The United States plans to ban travel from South Africa and seven South African countries starting Monday.

“It’s going to give us a period of time to enhance our preparedness,” U.S. infectious disease expert Dr. Anthony Fauci said of the ban Sunday during a television appearance.

There have been no confirmed cases in the United States yet, but Fauci said he may already be here. Canada’s health minister said the country’s first two cases of omicron were found in Ontario after two people who had recently traveled from Nigeria tested positive.

A new variant, called B.1.1.529, was called a “worrying variant” by the World Health Organization and was given the name “omicron” from the letter of the Greek alphabet.

Australian authorities said two travelers arriving in Sydney from Africa became the first in the country to test positive for the new variant. Arrivals from nine African countries are now required to be quarantined in a hotel when they arrive. Two German states reported a total of three cases in travelers returning over the weekend.
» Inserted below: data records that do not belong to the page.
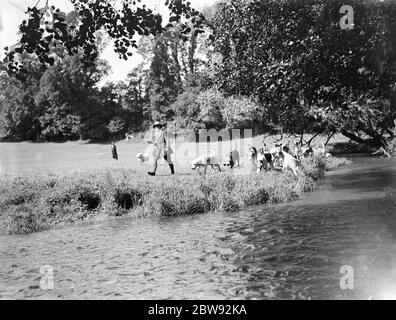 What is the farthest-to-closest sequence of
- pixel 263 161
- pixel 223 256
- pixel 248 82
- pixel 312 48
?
pixel 263 161
pixel 248 82
pixel 223 256
pixel 312 48

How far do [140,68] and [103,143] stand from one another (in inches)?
735

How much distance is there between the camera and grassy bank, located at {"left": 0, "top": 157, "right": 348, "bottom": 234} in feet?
57.7

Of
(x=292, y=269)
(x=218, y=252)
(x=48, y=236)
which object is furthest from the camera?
(x=48, y=236)

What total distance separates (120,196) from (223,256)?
8873 mm

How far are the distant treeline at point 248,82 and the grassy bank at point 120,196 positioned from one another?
11.8ft

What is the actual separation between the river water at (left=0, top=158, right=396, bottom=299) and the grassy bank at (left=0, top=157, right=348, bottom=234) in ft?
2.93

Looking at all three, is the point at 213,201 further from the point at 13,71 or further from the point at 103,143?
the point at 103,143

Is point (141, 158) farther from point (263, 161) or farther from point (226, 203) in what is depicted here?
point (226, 203)

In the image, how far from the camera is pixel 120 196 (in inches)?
741

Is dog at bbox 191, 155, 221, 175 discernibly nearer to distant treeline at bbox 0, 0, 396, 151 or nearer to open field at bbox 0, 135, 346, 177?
distant treeline at bbox 0, 0, 396, 151

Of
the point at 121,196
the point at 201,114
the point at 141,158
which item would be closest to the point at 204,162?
the point at 121,196

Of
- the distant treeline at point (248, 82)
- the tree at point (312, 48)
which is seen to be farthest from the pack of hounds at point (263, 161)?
the tree at point (312, 48)

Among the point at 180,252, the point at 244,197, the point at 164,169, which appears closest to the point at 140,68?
the point at 164,169

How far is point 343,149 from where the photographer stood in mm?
43844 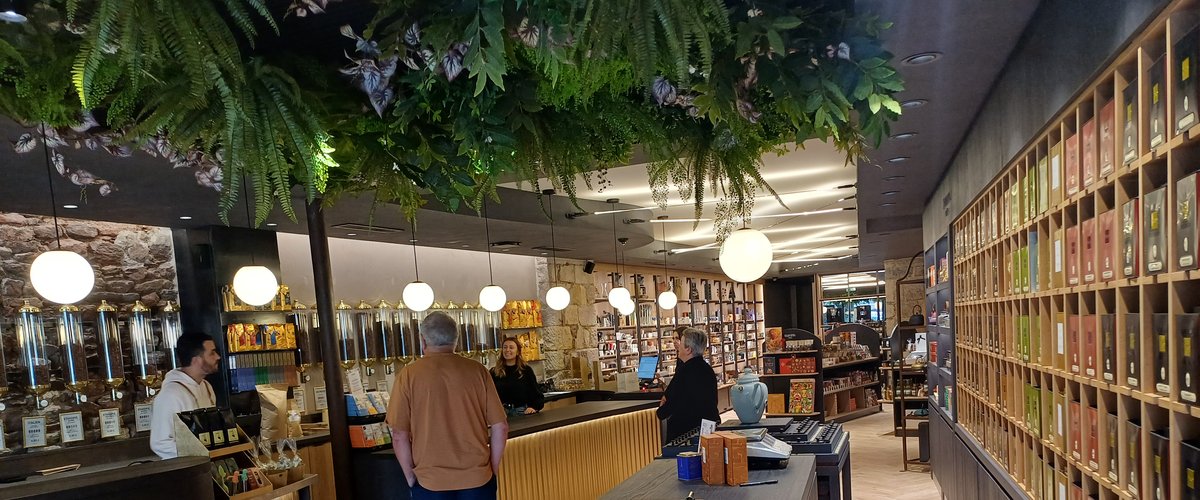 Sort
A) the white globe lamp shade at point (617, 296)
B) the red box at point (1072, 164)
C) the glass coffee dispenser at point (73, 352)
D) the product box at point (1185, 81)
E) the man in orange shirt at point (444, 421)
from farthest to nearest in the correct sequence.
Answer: the white globe lamp shade at point (617, 296) < the glass coffee dispenser at point (73, 352) < the man in orange shirt at point (444, 421) < the red box at point (1072, 164) < the product box at point (1185, 81)

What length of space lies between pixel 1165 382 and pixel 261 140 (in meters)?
2.08

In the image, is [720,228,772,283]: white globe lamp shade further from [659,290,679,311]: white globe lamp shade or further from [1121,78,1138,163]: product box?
[659,290,679,311]: white globe lamp shade

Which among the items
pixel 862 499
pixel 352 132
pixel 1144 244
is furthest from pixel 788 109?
pixel 862 499

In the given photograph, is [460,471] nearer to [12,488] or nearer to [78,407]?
[12,488]

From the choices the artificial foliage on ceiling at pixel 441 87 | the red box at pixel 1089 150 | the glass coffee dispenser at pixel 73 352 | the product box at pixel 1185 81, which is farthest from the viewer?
the glass coffee dispenser at pixel 73 352

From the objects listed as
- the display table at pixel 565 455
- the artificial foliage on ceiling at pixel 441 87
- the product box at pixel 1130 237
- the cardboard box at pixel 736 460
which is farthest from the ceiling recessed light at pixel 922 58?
the display table at pixel 565 455

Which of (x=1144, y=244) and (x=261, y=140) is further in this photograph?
(x=1144, y=244)

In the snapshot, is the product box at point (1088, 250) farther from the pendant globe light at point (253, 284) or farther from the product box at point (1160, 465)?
the pendant globe light at point (253, 284)

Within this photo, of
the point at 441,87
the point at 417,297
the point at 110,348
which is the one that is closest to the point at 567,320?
the point at 417,297

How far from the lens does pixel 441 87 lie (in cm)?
145

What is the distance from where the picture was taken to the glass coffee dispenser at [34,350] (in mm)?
5793

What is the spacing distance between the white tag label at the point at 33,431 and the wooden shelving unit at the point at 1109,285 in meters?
6.27

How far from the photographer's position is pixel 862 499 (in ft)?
24.3

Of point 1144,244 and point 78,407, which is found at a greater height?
point 1144,244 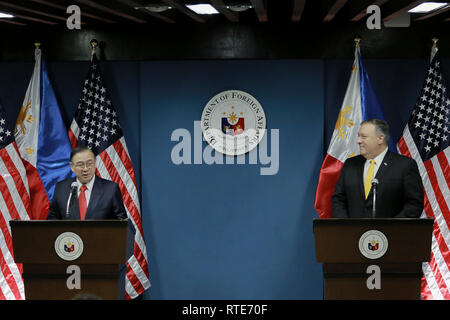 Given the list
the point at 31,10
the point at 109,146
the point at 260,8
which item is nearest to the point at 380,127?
the point at 260,8

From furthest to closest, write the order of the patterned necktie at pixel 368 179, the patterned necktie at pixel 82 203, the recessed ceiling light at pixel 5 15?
the recessed ceiling light at pixel 5 15, the patterned necktie at pixel 368 179, the patterned necktie at pixel 82 203

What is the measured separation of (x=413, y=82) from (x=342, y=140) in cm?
95

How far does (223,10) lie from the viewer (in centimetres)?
447

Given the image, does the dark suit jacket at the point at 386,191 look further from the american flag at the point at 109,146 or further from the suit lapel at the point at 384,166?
the american flag at the point at 109,146

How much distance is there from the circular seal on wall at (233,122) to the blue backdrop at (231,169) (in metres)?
0.08

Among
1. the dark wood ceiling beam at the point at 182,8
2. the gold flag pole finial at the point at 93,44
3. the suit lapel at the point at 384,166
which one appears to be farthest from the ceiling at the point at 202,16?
the suit lapel at the point at 384,166

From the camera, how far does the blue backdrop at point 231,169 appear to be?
211 inches

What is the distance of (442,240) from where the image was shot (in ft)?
16.5

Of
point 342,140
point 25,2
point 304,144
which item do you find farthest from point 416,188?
point 25,2

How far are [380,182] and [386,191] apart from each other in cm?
8

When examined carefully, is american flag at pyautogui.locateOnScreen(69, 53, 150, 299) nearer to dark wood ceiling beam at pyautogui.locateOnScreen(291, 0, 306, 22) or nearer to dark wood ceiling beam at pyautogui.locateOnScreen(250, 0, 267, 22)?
dark wood ceiling beam at pyautogui.locateOnScreen(250, 0, 267, 22)

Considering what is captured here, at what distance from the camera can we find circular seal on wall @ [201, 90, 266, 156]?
5.36m

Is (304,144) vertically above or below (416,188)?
above

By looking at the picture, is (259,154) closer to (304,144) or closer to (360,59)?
(304,144) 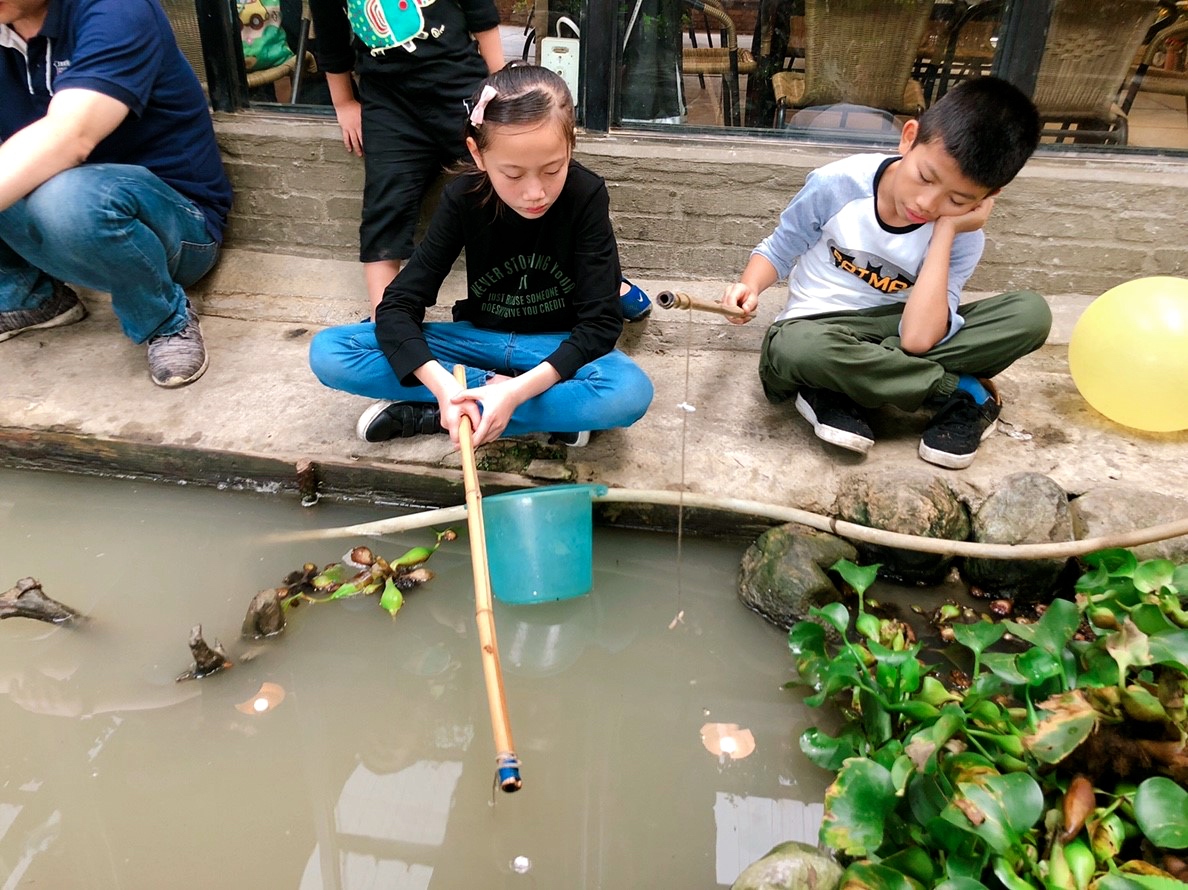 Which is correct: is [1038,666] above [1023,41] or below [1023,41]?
below

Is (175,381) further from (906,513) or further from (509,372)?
(906,513)

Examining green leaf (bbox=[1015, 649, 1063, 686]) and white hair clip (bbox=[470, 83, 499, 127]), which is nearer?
green leaf (bbox=[1015, 649, 1063, 686])

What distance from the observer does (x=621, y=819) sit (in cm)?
166

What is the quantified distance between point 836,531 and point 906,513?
7.5 inches

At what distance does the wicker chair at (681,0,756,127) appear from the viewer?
279 cm

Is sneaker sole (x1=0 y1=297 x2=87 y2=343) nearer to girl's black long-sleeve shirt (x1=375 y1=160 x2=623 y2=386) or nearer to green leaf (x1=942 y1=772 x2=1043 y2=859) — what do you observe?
girl's black long-sleeve shirt (x1=375 y1=160 x2=623 y2=386)

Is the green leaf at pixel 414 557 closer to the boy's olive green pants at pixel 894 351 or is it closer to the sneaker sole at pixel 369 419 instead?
the sneaker sole at pixel 369 419

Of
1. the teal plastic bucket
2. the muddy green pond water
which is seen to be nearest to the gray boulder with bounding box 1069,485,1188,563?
the muddy green pond water

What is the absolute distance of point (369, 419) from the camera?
2.37m

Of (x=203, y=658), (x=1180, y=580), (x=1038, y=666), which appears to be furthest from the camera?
(x=203, y=658)

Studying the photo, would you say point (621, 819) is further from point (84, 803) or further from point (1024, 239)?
point (1024, 239)

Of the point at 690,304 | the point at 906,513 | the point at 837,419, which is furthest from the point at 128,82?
the point at 906,513

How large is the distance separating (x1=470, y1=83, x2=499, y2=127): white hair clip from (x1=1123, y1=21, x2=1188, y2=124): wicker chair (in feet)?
7.43

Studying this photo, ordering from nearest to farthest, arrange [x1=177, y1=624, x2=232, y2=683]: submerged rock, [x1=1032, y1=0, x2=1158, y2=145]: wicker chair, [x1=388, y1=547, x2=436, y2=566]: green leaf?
1. [x1=177, y1=624, x2=232, y2=683]: submerged rock
2. [x1=388, y1=547, x2=436, y2=566]: green leaf
3. [x1=1032, y1=0, x2=1158, y2=145]: wicker chair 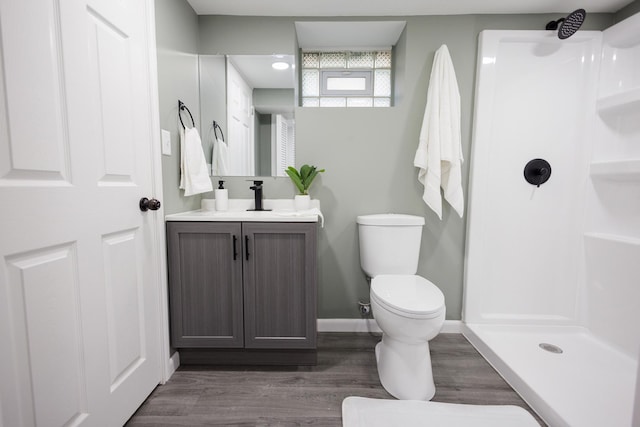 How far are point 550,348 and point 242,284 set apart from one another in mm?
1844

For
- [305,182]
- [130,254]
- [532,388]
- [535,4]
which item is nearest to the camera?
[130,254]

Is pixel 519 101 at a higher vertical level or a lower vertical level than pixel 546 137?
higher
The variant was identified a few days ago by researchers in South Africa, and not much is known yet, including whether it is more contagious, more likely to cause serious illness or more able to evade vaccine protection. But many countries rushed to act, reflecting anxiety over anything that could prolong the pandemic that has killed more than 5 million people.

Fauci says it’s especially troubling because it has so many mutations, and that means it could be even more contagious than some other variants.

Doctors also say the effectiveness of current omicron vaccines is still unclear.

“They’re testing it right as we speak to determine whether those who have been vaccinated and produce antibodies — if those are effective antibodies, what we call neutralizing antibodies — against the new variant,” said Dr. Michael Misialek, associate president. of pathology at Newton-Wellesley Hospital. “The news of this variant should serve as a wake-up call to those who have let down their defenses some. It should serve as a reminder for those who are unvaccinated to get vaccinated.”

As for travel restrictions, Biden says they will remain in place until the U.S. has more information on the omicron variant. These restrictions do not apply to U.S. citizens.

The Associated Press contributed to this report.